Asked whether some of the dollars — up to 10 percent by constitutional limitation — could go toward the AATA's countywide expansion, Warren said that's definitely possible.
"We also have pretty significant needs identified throughout the county for the roads and bridges that we already have," she said, adding if the state isn't going to prioritize transportation, it should at least give local communities tools to raise dollars.
Warren said she wouldn't be surprised if there were efforts to tweak the Constitution so that more than 10 percent of transportation dollars could go to transit.
"But that's a constitutional amendment and it takes a bigger vote than just a simple majority from us," she noted.
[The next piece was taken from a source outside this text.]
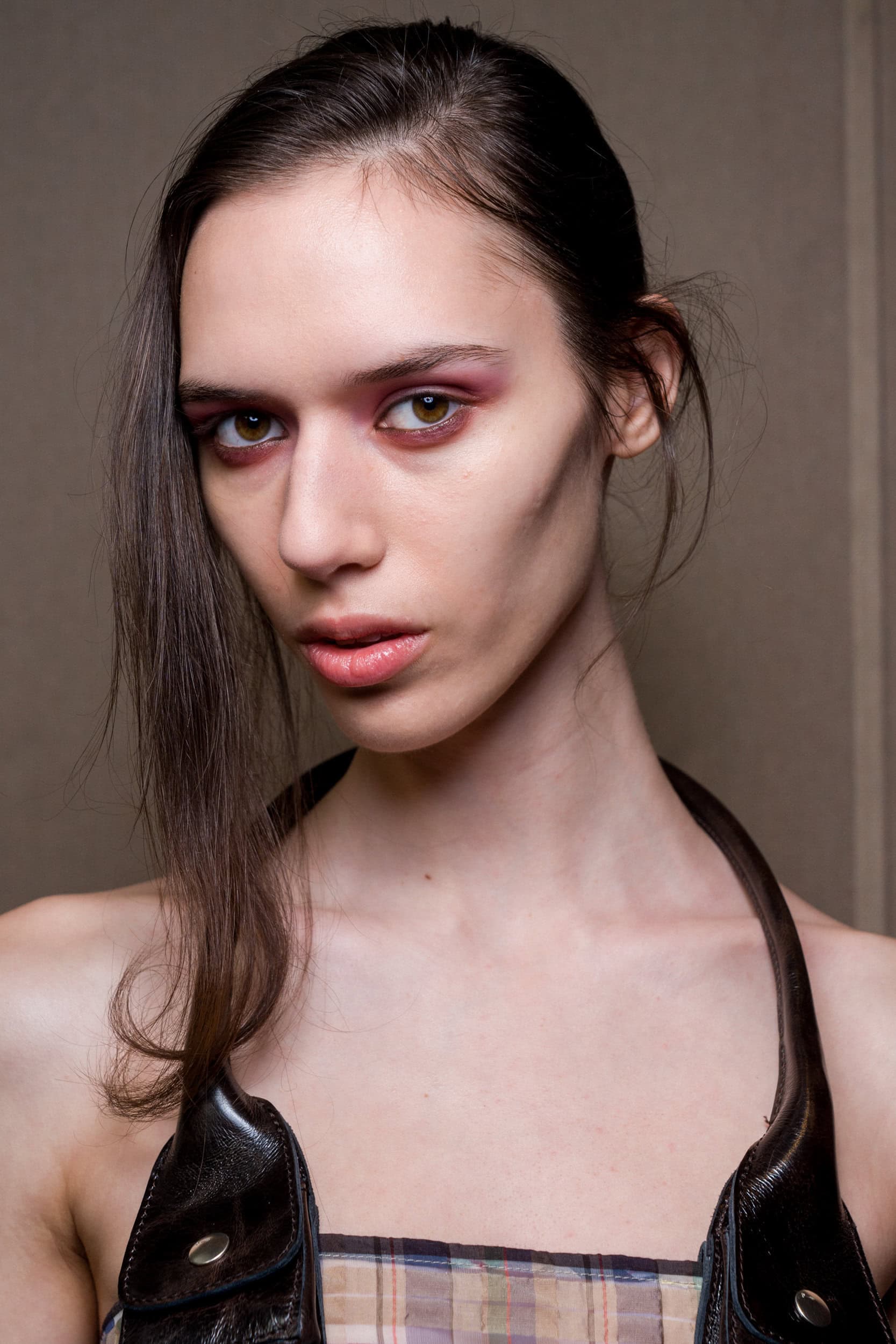 Paloma Wool Fall 2026 Fashion Show Backstage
Warren said the legislation, and many of the proposals contained in Snyder's infrastructure message, concur with findings of a transportation funding task force from a few years ago.
"We have known for years that bold changes are needed to move Michigan's transportation system into the 21st century," Warren said. "I am excited that the broad, bipartisan support of this package of legislation might mean we finally take that step forward."
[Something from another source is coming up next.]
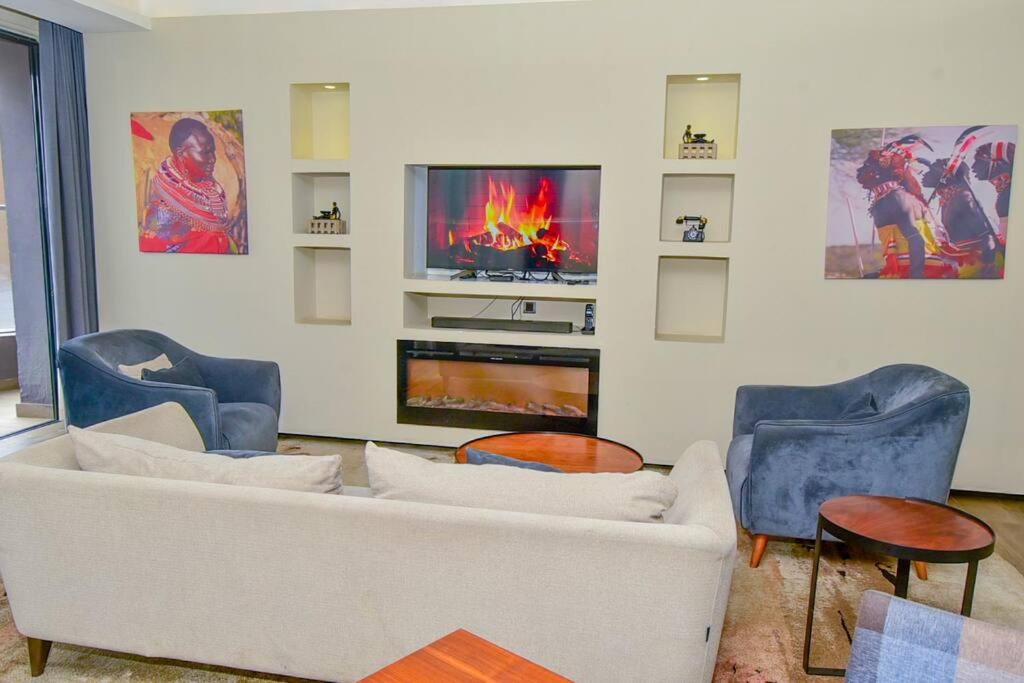 Zuri Residence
State Rep. Rick Olson, R-York Township, offered an overview on Wednesday of how the package of bills on transportation — including an increase in the gas tax and statewide vehicle registration fees — could raise nearly $1.4 billion a year in new funding for roads.
There were supposed to be 13 bills in that package, but Olson said on Thursday the number was growing and could be as large as 19. He said he should have bill numbers soon.